Originally posted by: Rainsford
The point is garbage in, garbage out. Inotherwords what goes into your mind strongly influences what your actions are.
If I go for a nice walk in the woods, I'll be relaxed. If I hit the gym and do some lifting, I'll be pumped. But your argument is saying something a little different. You are arguing that the content, not the interpretation, is what matters. If a game is violent, it will "strongly influence" the player to be more violent, regardless of who the player is.
You have it backwards. A walk in the woods relaxes me because I like the woods. YOU may have been lost in the woods as a kid, so a walk in the woods now would not be relaxing at all, it would be a stressful experience. The same walk in the woods will produce two different reactions because we are two different people. No one would think to argue that everyone should find a walk in the woods relaxing simply because I do. Is your reaction, or my reaction, more of a product of the walk, or of who we are?
Experiences affect us, that's basic psycology. However, no experience affects two different people the same way. That is the crucial part your theory leaves out.
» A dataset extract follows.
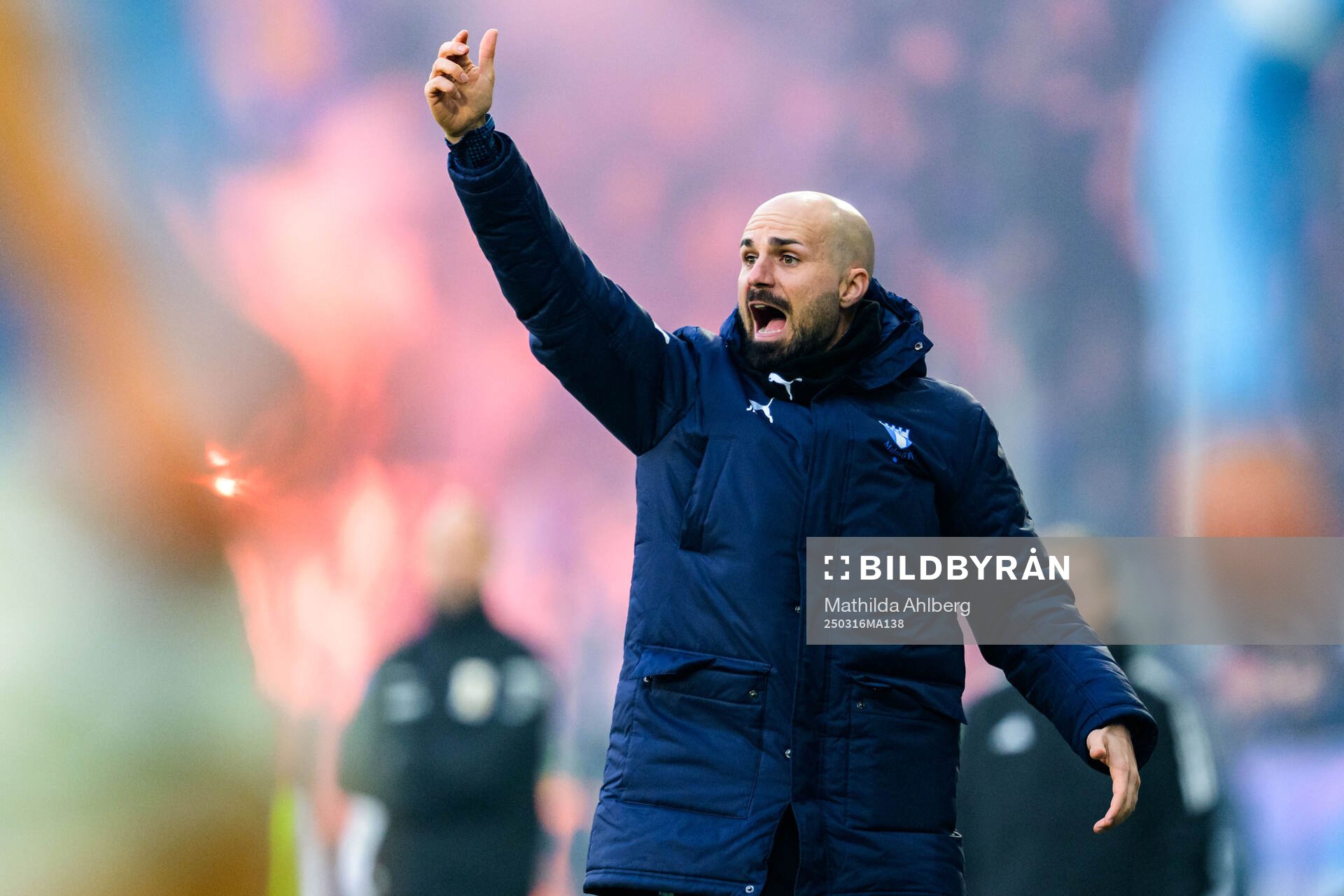 Malmö FFs assisterande tränare Julián Marin Bazalo under semifinalen i Svenska Cupen mellan Malmö FF och IFK Göteborg den 16 mars 2025 i Malmö.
The fact that Doom 3 might make some people want to kill other people is much more of a product of who they are than what the game is. Basic logic tells us this MUST be the case, otherwise everyone would react the same way to the same experiences.
Please explain to me why people can react so differently to the same things, like a walk in the woods, yet they all MUST feel more violent because they play Doom 3. I would really love to hear an explanation of this mind blowing theory.